DATA BLOCK:
--------------------------------
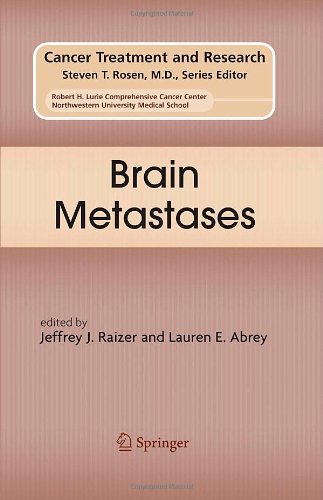 Brain Metastases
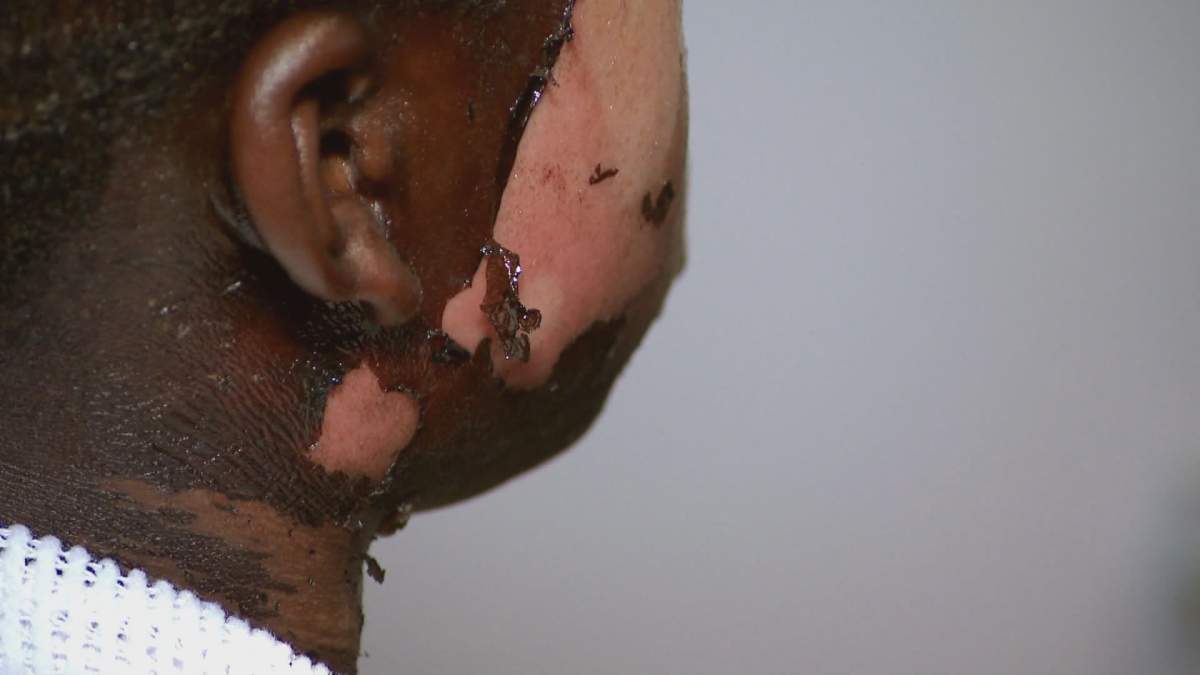 A 10-year-old boy from Longueuil, Que., had boiling water thrown on him while walking home from school on Oct. 2. Police have arrested a woman in connection with the attack.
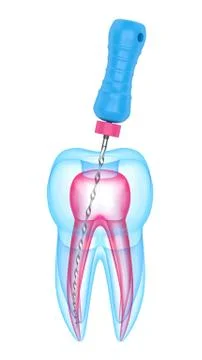 3d render of tooth with endodontic file over white background Stock Illustration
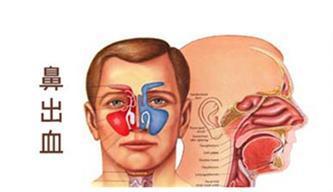 流鼻血是什么病的前兆 鼻子出血怎么回事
--------------------------------
THE PROBLEM:
Your answer must be the full listing, reproduced word for word, without its pictures.

ANSWER TO THIS TASK:
 Brain Metastases
 A 10-year-old boy from Longueuil, Que., had boiling water thrown on him while walking home from school on Oct. 2. Police have arrested a woman in connection with the attack.
 3d render of tooth with endodontic file over white background Stock Illustration
 流鼻血是什么病的前兆 鼻子出血怎么回事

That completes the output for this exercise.